Darwin, you were parsing your words very closely there. Something along the lines of--An unjust war is a grave sin and our last two Popes said this was an unjust war BUT somehow supporting the war is okay? I can't recall the criteria for a just war off the top of my head but I remember seeing them in 2003 and thinking Iraq was nowhere near it. And the Death Penalty is only acceptable in certain cases that can never exist in the United States, right? So, the death penalty is a grave sin where there are no alternatives to protect society and this would never occur in the United States BUT this is somehow okay? Please point out where where my thought train derailed.

Foxfier said...

Herbert-
Darwin was parsing his words carefully because the issues are delicate. There are shades of meaning.

Example:
Killing a baby is bad.
Saving a life is good.
The shade of trouble comes with a tubal pregnancy-- where it is morally acceptable to cut the section of the tube where the kid is growing, even though it will kill the kid, because if it is not done the child and mother are both dead.
Acceptable, but nobody is calling it a GOOD thing.

Anonymous said...

I'm with you 100% on the abortion thing. But my point to all this posting is that it seems a large percentage of the Church seems to care only about abortion and the rest of its teachings are tip-toed past and maybe given lip service to. I haven't read anything yet that has dissuaded me of that.

Darwin said...

Hubert,

Well, I tried to lay out why it is that the issues of capital punishment and the Iraq War are not nearly as black-and-white as that of abortion.

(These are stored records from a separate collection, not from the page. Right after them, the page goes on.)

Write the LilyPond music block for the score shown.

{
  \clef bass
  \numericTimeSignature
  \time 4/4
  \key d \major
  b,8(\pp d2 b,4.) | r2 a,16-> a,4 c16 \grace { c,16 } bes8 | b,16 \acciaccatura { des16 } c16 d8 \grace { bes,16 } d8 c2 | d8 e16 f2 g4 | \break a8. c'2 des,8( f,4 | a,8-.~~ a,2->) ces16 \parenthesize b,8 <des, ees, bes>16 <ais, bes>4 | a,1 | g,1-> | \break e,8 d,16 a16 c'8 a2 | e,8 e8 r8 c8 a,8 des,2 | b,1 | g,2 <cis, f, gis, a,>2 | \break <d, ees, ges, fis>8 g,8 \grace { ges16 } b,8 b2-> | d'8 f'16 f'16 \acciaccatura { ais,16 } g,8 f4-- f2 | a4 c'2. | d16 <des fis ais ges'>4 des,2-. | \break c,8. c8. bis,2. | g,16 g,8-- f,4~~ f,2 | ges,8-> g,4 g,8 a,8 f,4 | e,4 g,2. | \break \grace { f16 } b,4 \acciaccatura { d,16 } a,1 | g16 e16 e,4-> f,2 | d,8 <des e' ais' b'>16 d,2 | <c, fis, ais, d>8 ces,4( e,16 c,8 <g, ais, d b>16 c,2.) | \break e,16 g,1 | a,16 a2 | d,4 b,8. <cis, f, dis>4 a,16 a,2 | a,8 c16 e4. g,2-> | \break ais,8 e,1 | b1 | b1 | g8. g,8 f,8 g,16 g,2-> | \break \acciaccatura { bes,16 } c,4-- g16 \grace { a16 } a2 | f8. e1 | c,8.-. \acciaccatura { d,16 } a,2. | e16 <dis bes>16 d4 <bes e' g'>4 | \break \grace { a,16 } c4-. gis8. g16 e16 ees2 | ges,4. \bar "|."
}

I myself have a somewhat conflicted position on capital punishment: I'm not sure that I agree with John Paul II that it is seldom or never required to protect the common good in a modern society. (I seem to recall reading that we have more murders committed by people with previous homicide convictions each year than we have executions -- which would seem to suggest that we're not currently doing a good job of protecting society even with the death penalty.) However, it seems to me that we currently administer the death penalty so badly (taking 20+ years to finish appeals, etc.) that it it worse that useless, so I have no problem with banning it.

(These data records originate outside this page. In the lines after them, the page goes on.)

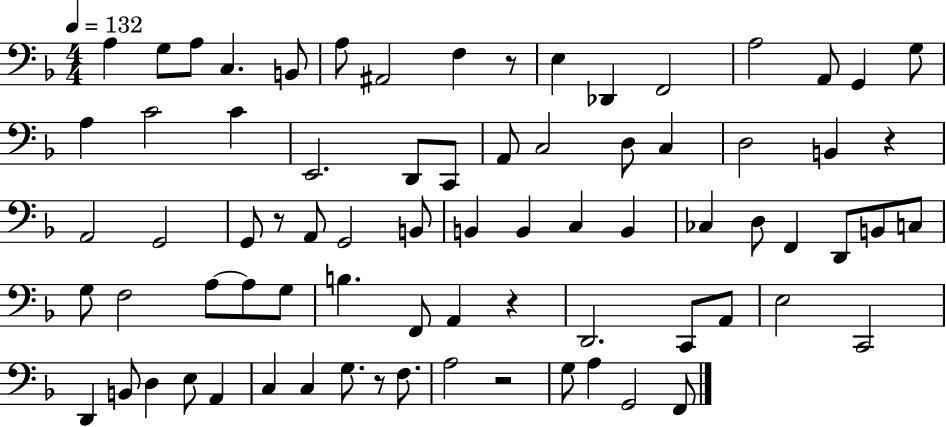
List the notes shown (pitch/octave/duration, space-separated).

A3/q G3/e A3/e C3/q. B2/e A3/e A#2/h F3/q R/e E3/q Db2/q F2/h A3/h A2/e G2/q G3/e A3/q C4/h C4/q E2/h. D2/e C2/e A2/e C3/h D3/e C3/q D3/h B2/q R/q A2/h G2/h G2/e R/e A2/e G2/h B2/e B2/q B2/q C3/q B2/q CES3/q D3/e F2/q D2/e B2/e C3/e G3/e F3/h A3/e A3/e G3/e B3/q. F2/e A2/q R/q D2/h. C2/e A2/e E3/h C2/h D2/q B2/e D3/q E3/e A2/q C3/q C3/q G3/e. R/e F3/e. A3/h R/h G3/e A3/q G2/h F2/e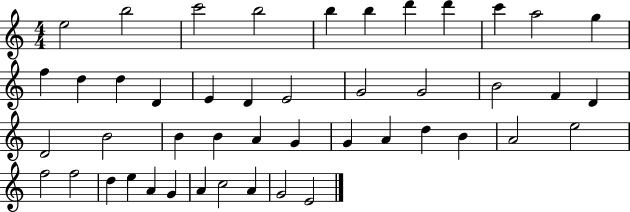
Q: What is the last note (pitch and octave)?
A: E4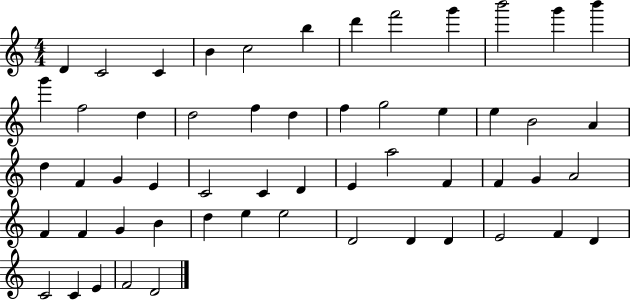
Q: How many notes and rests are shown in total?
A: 55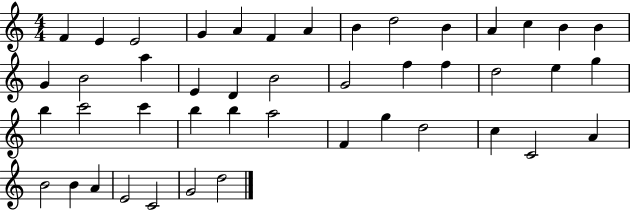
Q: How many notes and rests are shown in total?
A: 45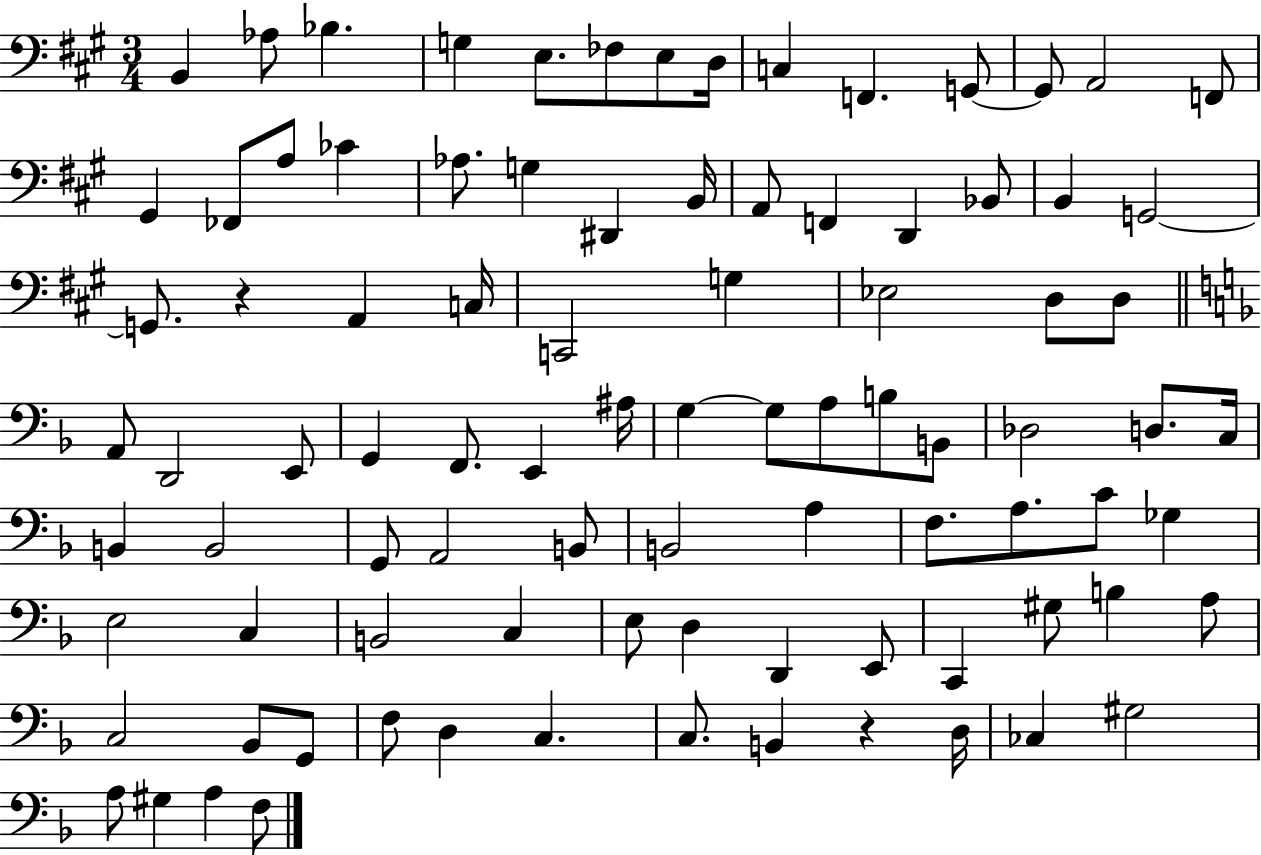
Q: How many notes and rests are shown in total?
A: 91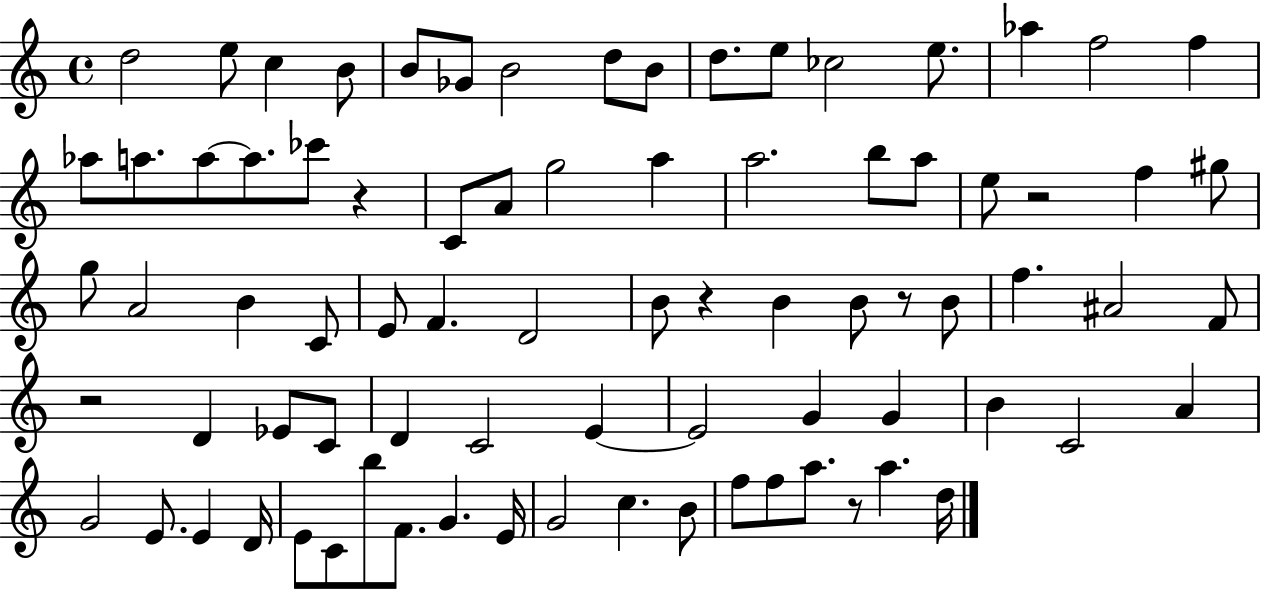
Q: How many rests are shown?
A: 6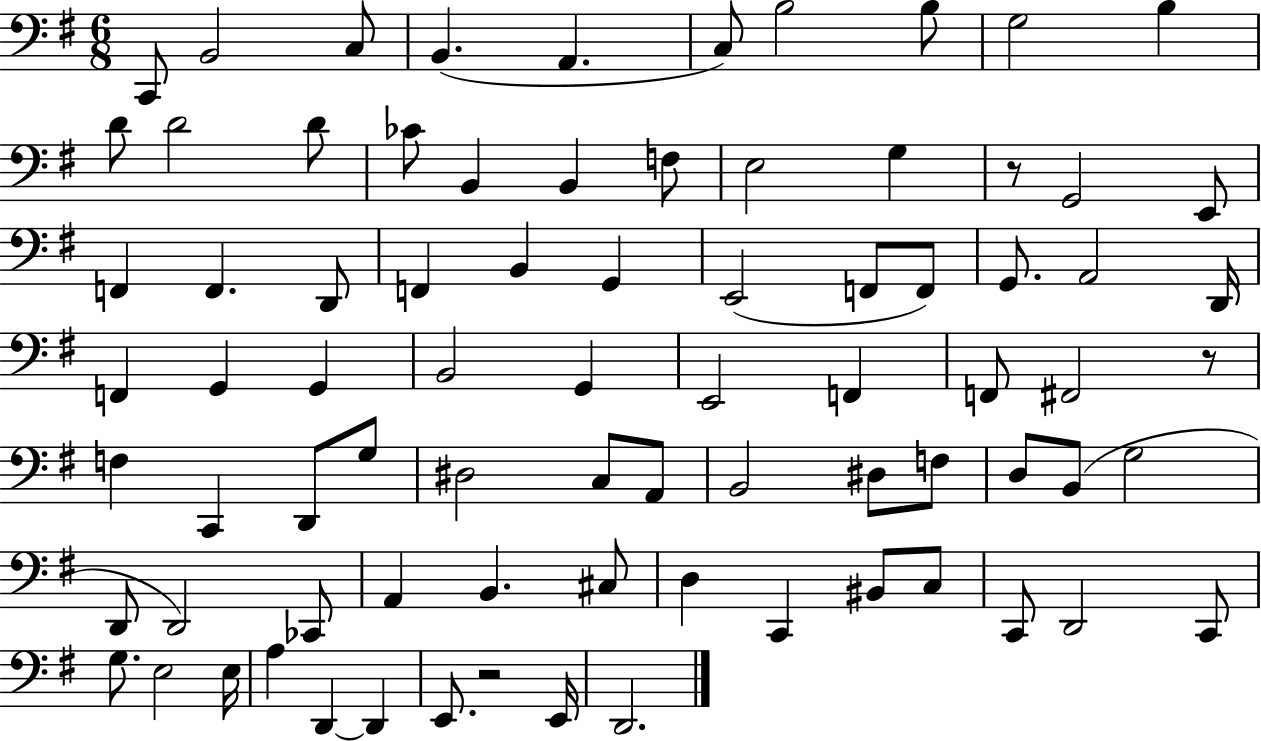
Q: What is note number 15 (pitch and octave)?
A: B2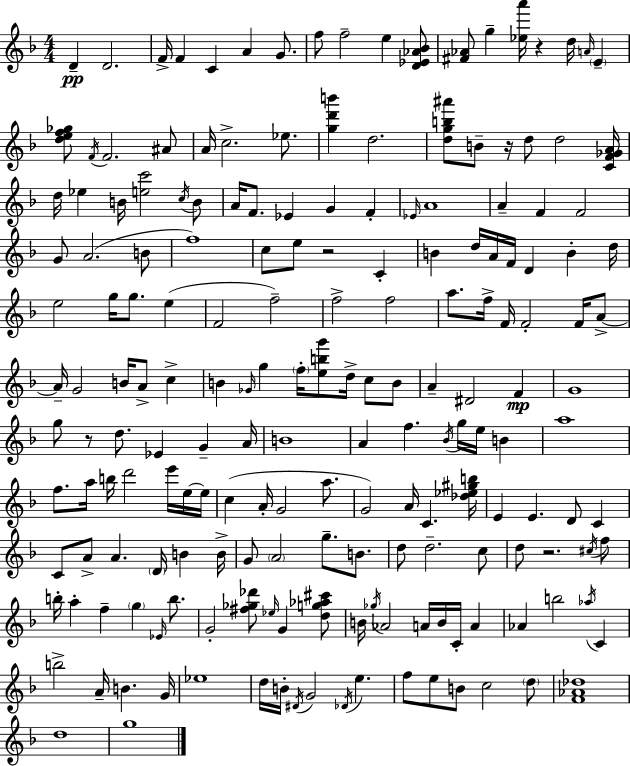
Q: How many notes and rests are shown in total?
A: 186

On the other hand, the Democrats have virtually abandoned that issue anyway -- see Obama coming out against the decision in Kennedy v. Louisiana.

If you want a more detailed discussion of what the Church actually says in detail on capital punishment and just war, I'd suggest the 5th Commandment section of the Catechism:

http://www.vatican.va/archive/catechism/p3s2c2a5.htm

Capital punishment is dealt with near the very beginning of the section I linked to, and just war theory about half way down.

In the end, however, I don't see how one can help reacting with must more revulsion towards a party which advocates that mothers kill their children, than one that advocates executing a couple dozen murderers every year. Call me old fashioned, but there it is.